Task requirements:
Exactly as they appear below, repeat the lines from the one with "2006 TOYOTA CAMRY LE VIN: 4T1BE32K76U165051" through the one with "2 stuks 40 inch", and no others.

Data supplied:
Content starts
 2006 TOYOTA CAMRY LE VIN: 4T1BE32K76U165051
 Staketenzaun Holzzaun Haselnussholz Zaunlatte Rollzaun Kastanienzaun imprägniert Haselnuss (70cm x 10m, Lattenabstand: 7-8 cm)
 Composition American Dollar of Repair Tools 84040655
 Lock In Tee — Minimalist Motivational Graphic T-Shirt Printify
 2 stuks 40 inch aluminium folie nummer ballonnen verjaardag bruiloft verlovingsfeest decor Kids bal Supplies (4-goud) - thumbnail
Content ends
Content starts
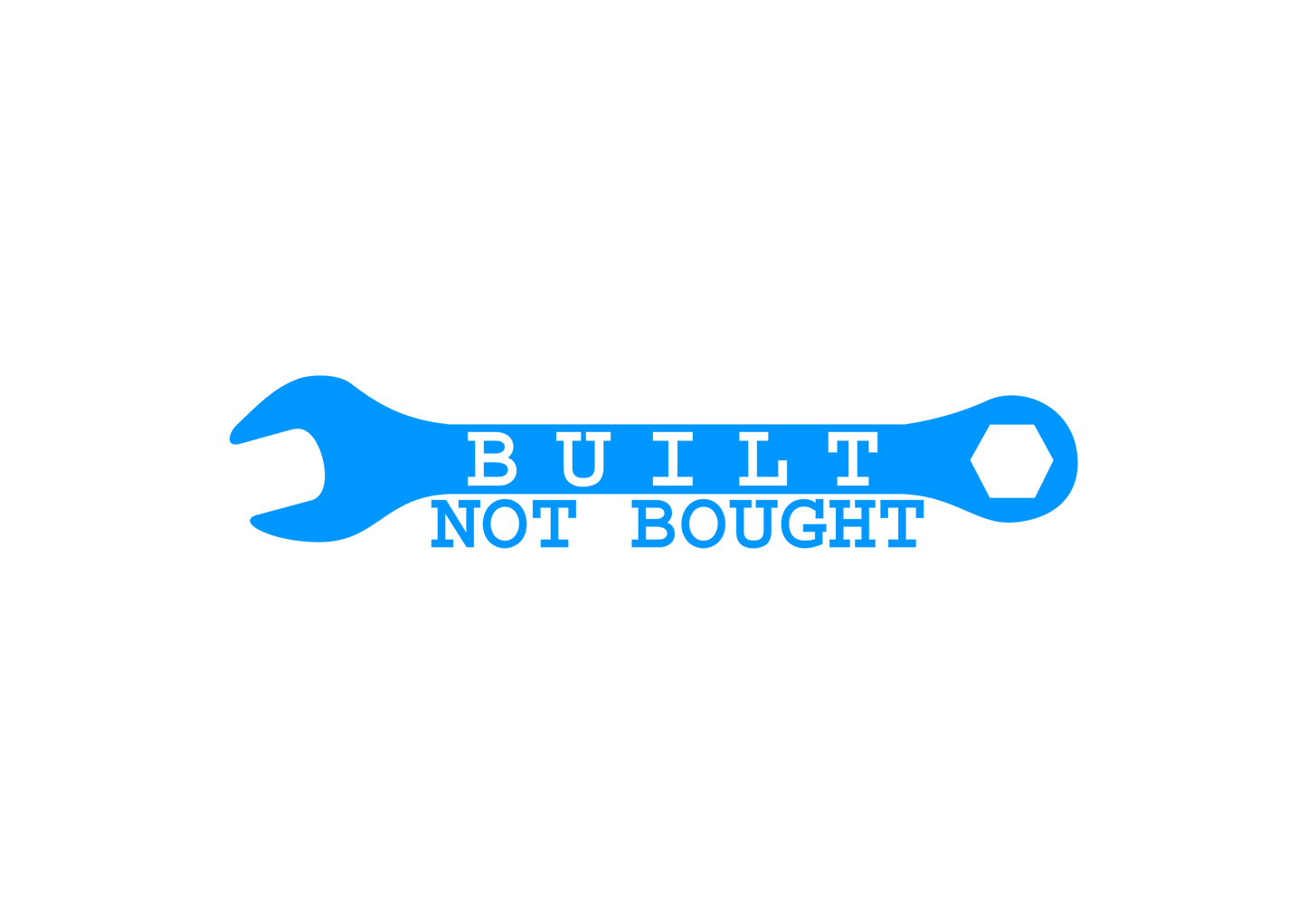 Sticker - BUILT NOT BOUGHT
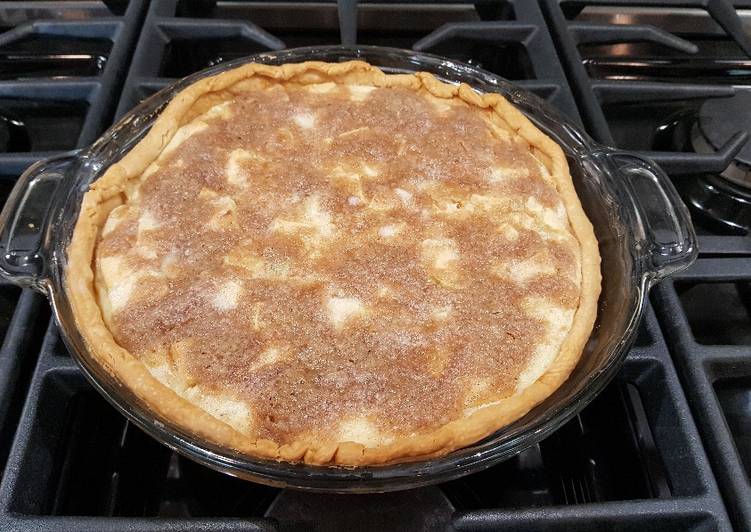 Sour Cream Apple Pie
Content ends
Response below:
 2006 TOYOTA CAMRY LE VIN: 4T1BE32K76U165051
 Staketenzaun Holzzaun Haselnussholz Zaunlatte Rollzaun Kastanienzaun imprägniert Haselnuss (70cm x 10m, Lattenabstand: 7-8 cm)
 Composition American Dollar of Repair Tools 84040655
 Lock In Tee — Minimalist Motivational Graphic T-Shirt Printify
 2 stuks 40 inch aluminium folie nummer ballonnen verjaardag bruiloft verlovingsfeest decor Kids bal Supplies (4-goud) - thumbnail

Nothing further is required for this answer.